RuntimeError: a leaf Variable that requires grad is being used in an in-place operation.

In [24]:
w.data.normal_()

tensor([ 0.9103,  0.5313,  0.3694,  1.2054,  0.6227, -0.6204, -0.2041,  1.2064,
        -0.6975,  0.3144])

In [25]:
w.data

tensor([ 0.9103,  0.5313,  0.3694,  1.2054,  0.6227, -0.6204, -0.2041,  1.2064,
        -0.6975,  0.3144])

###

In [42]:
x = torch.tensor([1.,3.])
w1 = torch.tensor([[2.],[1.]],requires_grad=True)
w2 = torch.tensor([9.],requires_grad=True)
w2.is_leaf

True

x
w1——>d
     w2——>f

In [44]:
d = torch.matmul(x, w1)
f = torch.matmul(d, w2)
d[:] = 4
# d是计算df/dw2梯度值依赖的节点
f.backward()

RuntimeError: one of the variables needed for gradient computation has been modified by an inplace operation: [torch.FloatTensor [1]], which is output 0 of struct torch::autograd::CopySlices, is at version 2; expected version 1 instead.

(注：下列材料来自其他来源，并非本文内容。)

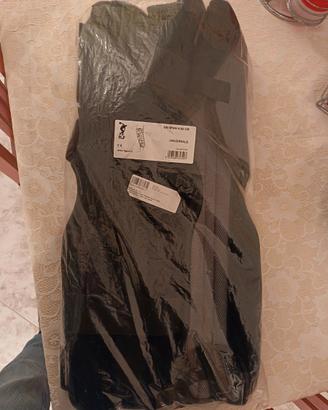 Tutore a semi guscio ginocchio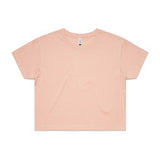 4062 - Wo's Crop Tee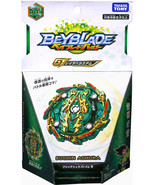 UT TTAKARA TOMY Bushin Ashura .Hr.Kp Beyblade Burst GT B-135 - $736.66 MXN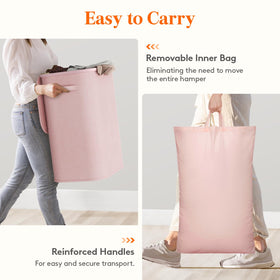 Lifewit side handles provide secure grip for moving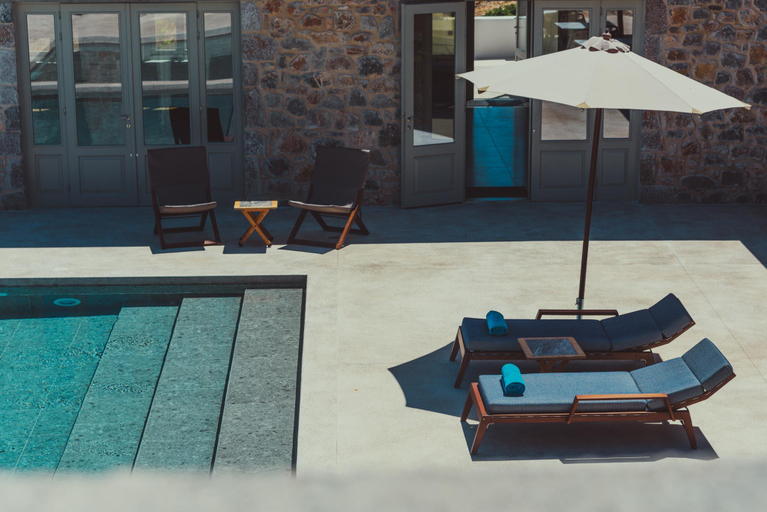 Sport & Beauty 2, Sampatiki Suites - 4* Hotel With Breakfast & Spa, Peloponnese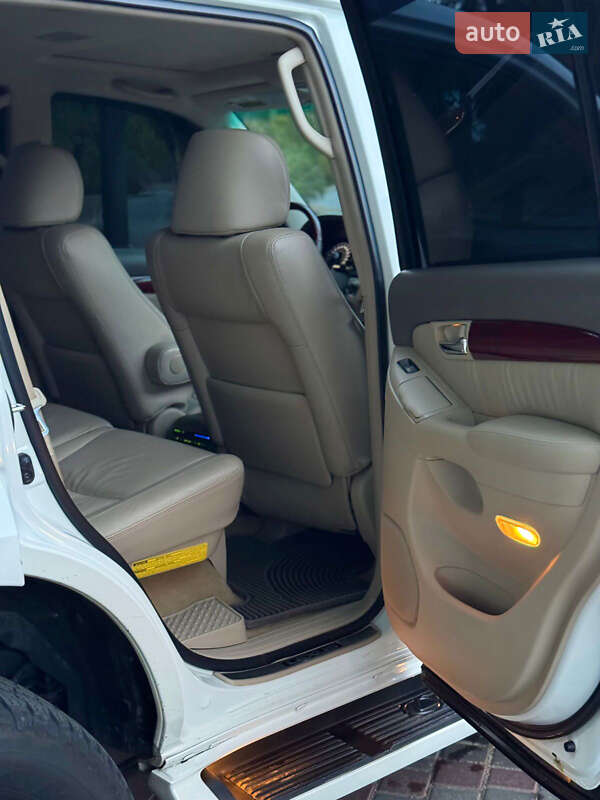 Позашляховик / Кросовер Lexus GX 2008 в Кропивницькому фото 13 Позашляховик / Кросовер Lexus GX 2008 в Кропивницькому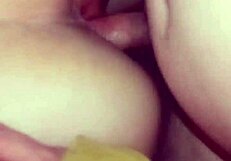 Latina And Redhead Fuck Hard In Doggy Position With Group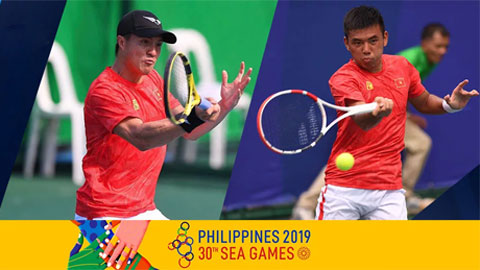 dau an the thao viet nam 2019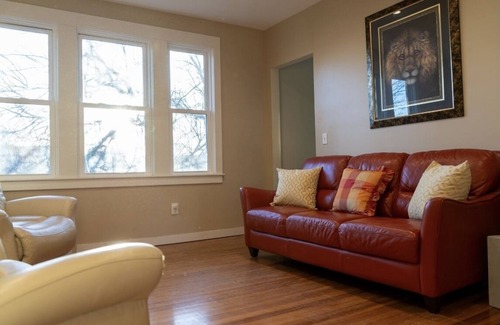 Brooklawn - St. Vincent Apartment | Tranquil North End Bridgeport Luxe 2 Bdr unit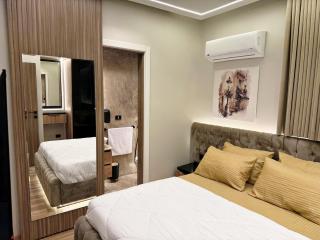 Arabella Residence 3BR - New Cairo Luxury Serviced Apartments - Caïro - 4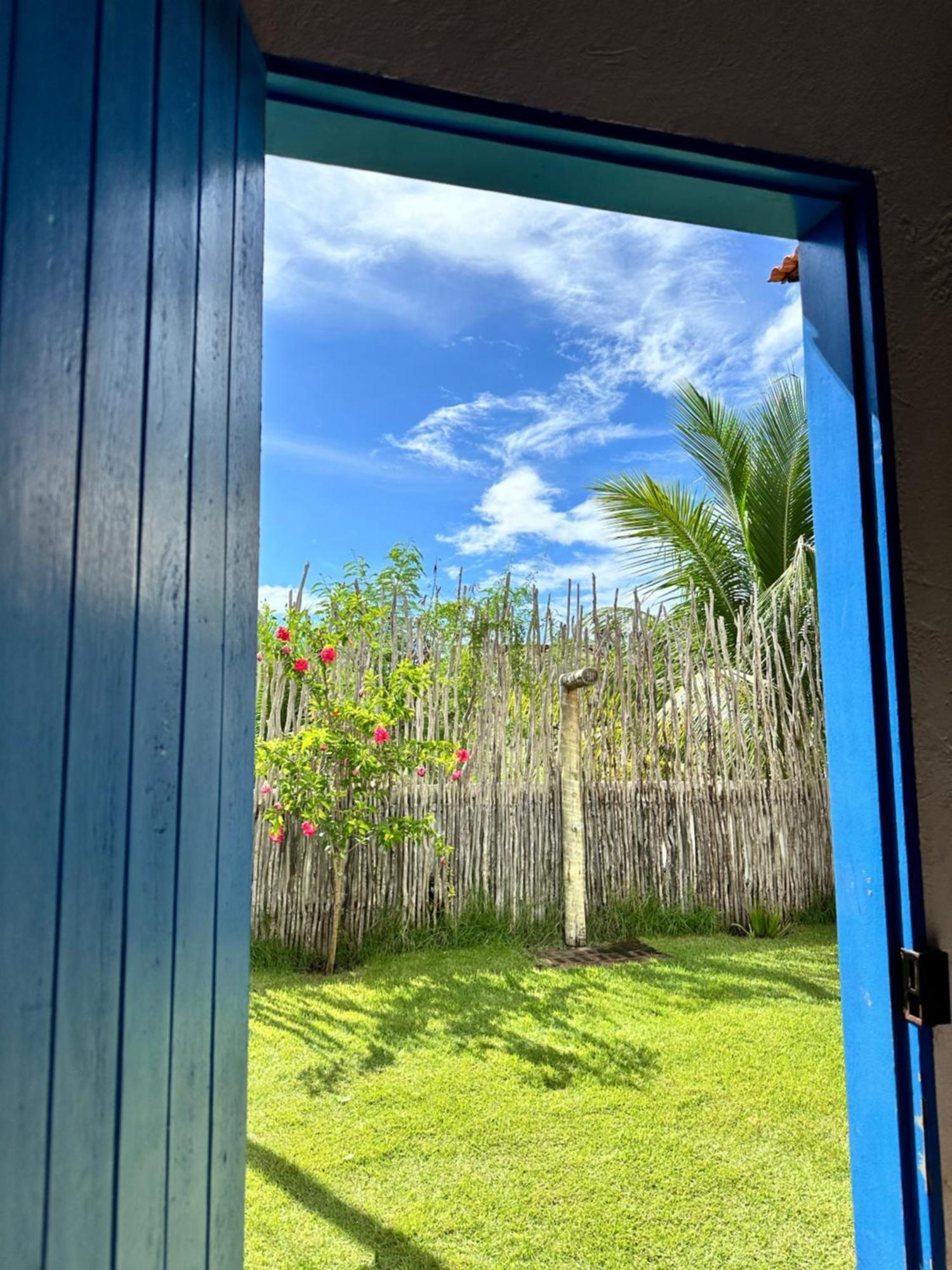 Le Petit Suites Praia De Lages Pôrto de Pedras Buitenkant foto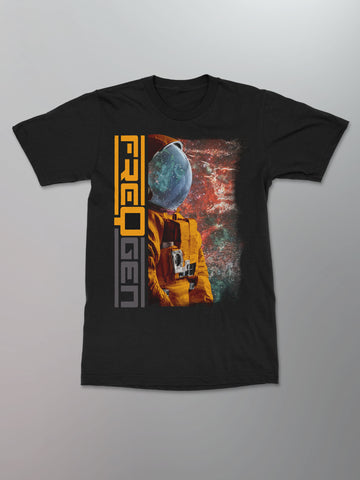 FreqGen - First Contact Shirt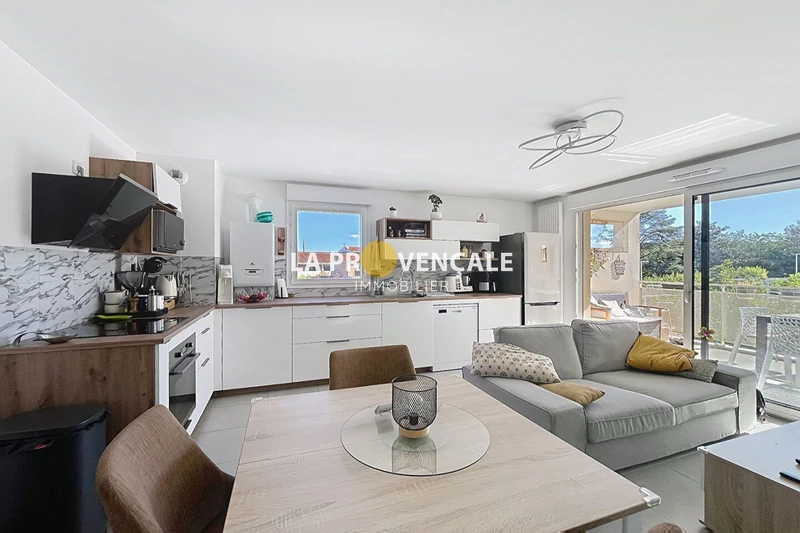 Vente appartement Gardanne  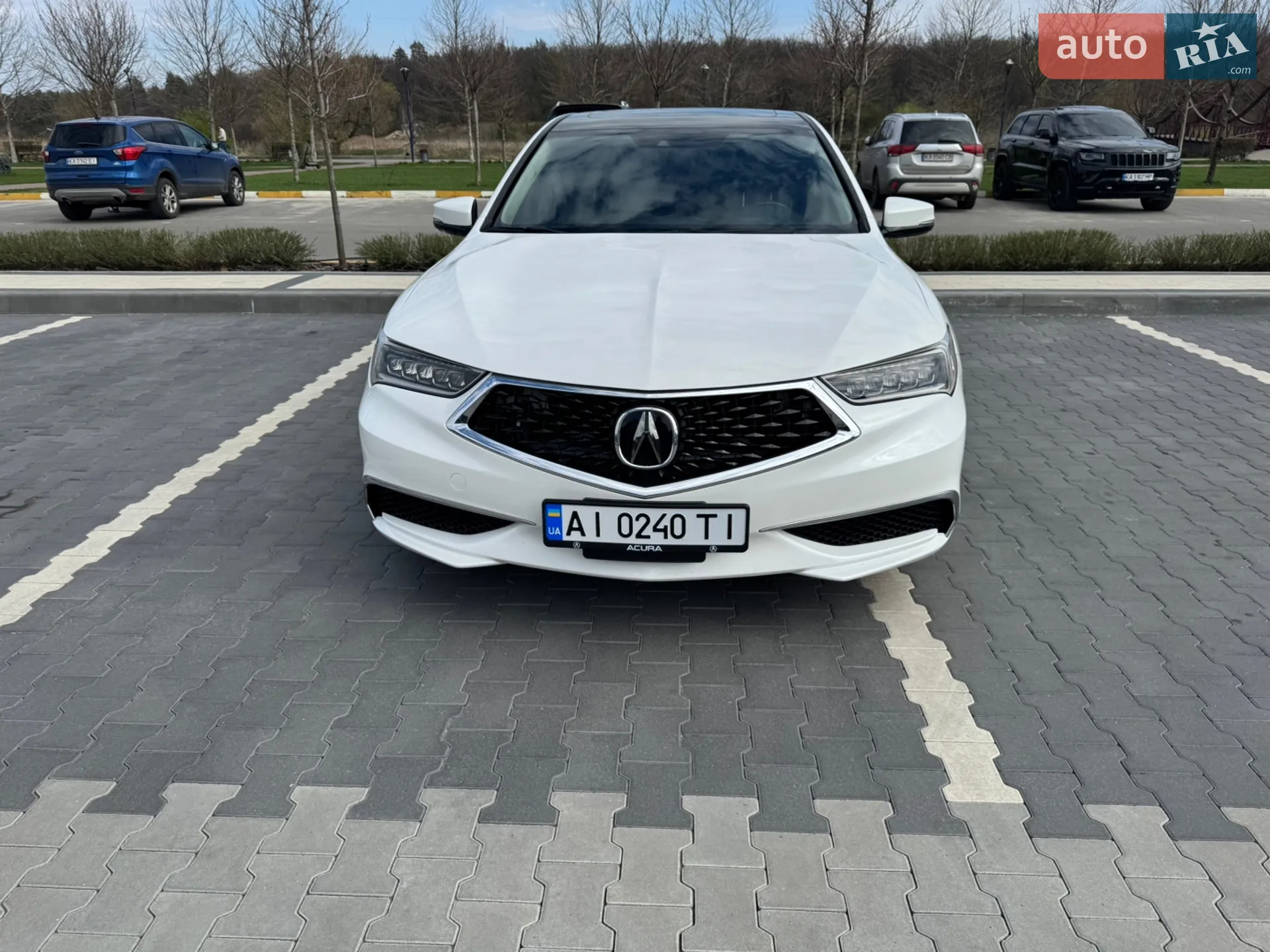 2019 Acura TLX - мініатюра 3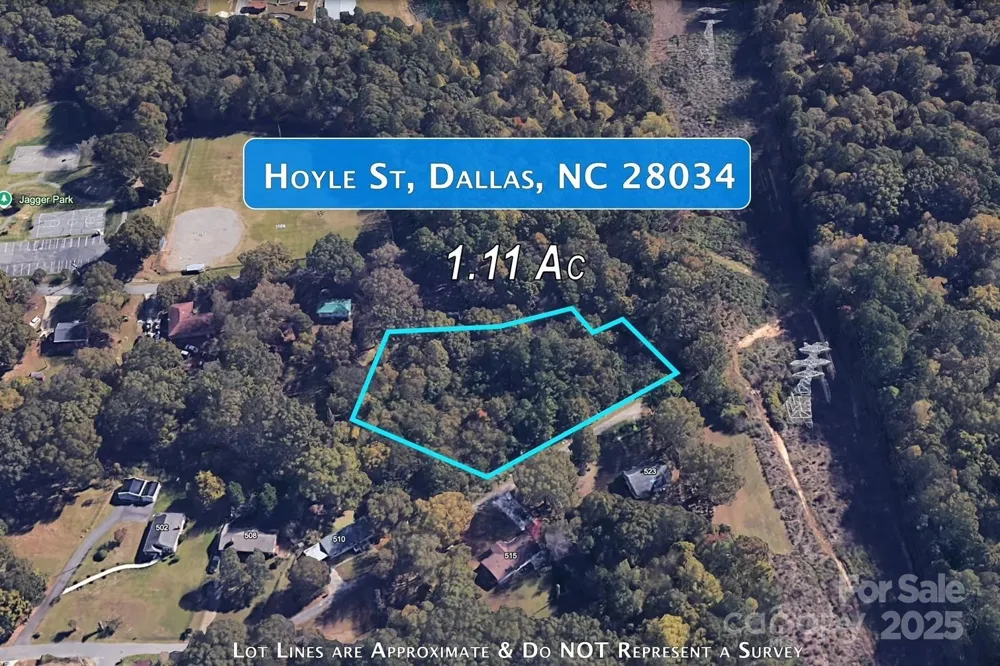 0 Hoyle Street Dallas, NC 28034
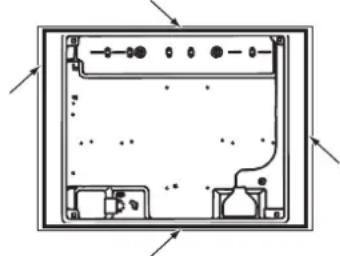 HOTPOINT TQG 752 WHA(ICE) - Encastrement - 3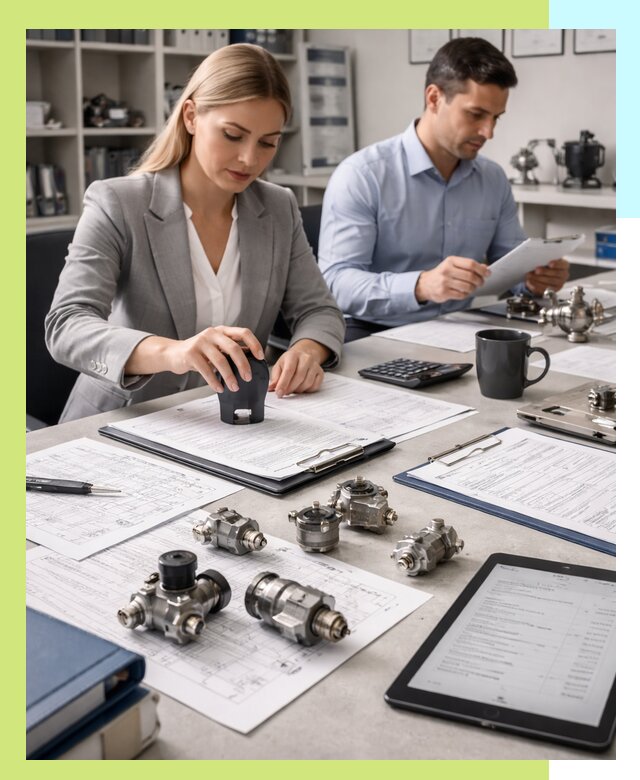 Разработка технологического регламента для производства в Юрге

Hint: enable anomaly detection to find the operation that failed to compute its gradient, with torch.autograd.set_detect_anomaly(True).

`计算损失函数过程中间值实际值的变动——>报错`m

### 2 data .detach

- detach:
    + return a new tensor, detached from current graph
    + the result will never require gradient
- x.data与x.detach()都返回tensor
    + 都和x共享数据
    + 与x计算历史无关
    + requires_grad=False
- x.data的修改不会报错 x.detcah()会报错【梯度安全】

In [61]:
a = torch.tensor([1.,2.,3.], requires_grad=True)
out = a.sigmoid()
out

tensor([0.7311, 0.8808, 0.9526], grad_fn=<SigmoidBackward0>)

In [62]:
c = out.data
out,c

(tensor([0.7311, 0.8808, 0.9526], grad_fn=<SigmoidBackward0>),
 tensor([0.7311, 0.8808, 0.9526]))

In [63]:
a.requires_grad, c.requires_grad, out.requires_grad # .data 只复制数据，不保留梯度传播路径

(True, False, True)

In [64]:
c.zero_()
out,c # .data共享同一个位置，相当于一个别名

(tensor([0., 0., 0.], grad_fn=<SigmoidBackward0>), tensor([0., 0., 0.]))

In [68]:
a = torch.tensor([1.,2.,3.], requires_grad=True)
out = a.sigmoid()
out.sum().backward()

In [69]:
a = torch.tensor([1.,2.,3.], requires_grad=True)
out = a.sigmoid()
c = out.data
c.zero_() # out==zero
out.sum().backward() # 实际上节点值已经被改变了 但是这里没有报错
# 因此data不能保证in-place的安全性

In [72]:
a = torch.tensor([1.,2.,3.], requires_grad=True)
out = a.sigmoid()
c = out.detach() #.detach()也是共享同一个内存
c.zero_() # out==zero 
out, c, a.requires_grad, out.requires_grad,c.requires_grad # 只复制数据，不保留梯度传播路径

(tensor([0., 0., 0.], grad_fn=<SigmoidBackward0>),
 tensor([0., 0., 0.]),
 True,
 True,
 False)

In [70]:
a = torch.tensor([1.,2.,3.], requires_grad=True)
out = a.sigmoid()
c = out.detach()
c.zero_() # out==zero
out.sum().backward() # 实际上节点值已经被改变，且报错 

RuntimeError: one of the variables needed for gradient computation has been modified by an inplace operation: [torch.FloatTensor [3]], which is output 0 of SigmoidBackward0, is at version 1; expected version 0 instead. Hint: enable anomaly detection to find the operation that failed to compute its gradient, with torch.autograd.set_detect_anomaly(True).

In [57]:
a.grad

tensor([0., 0., 0.])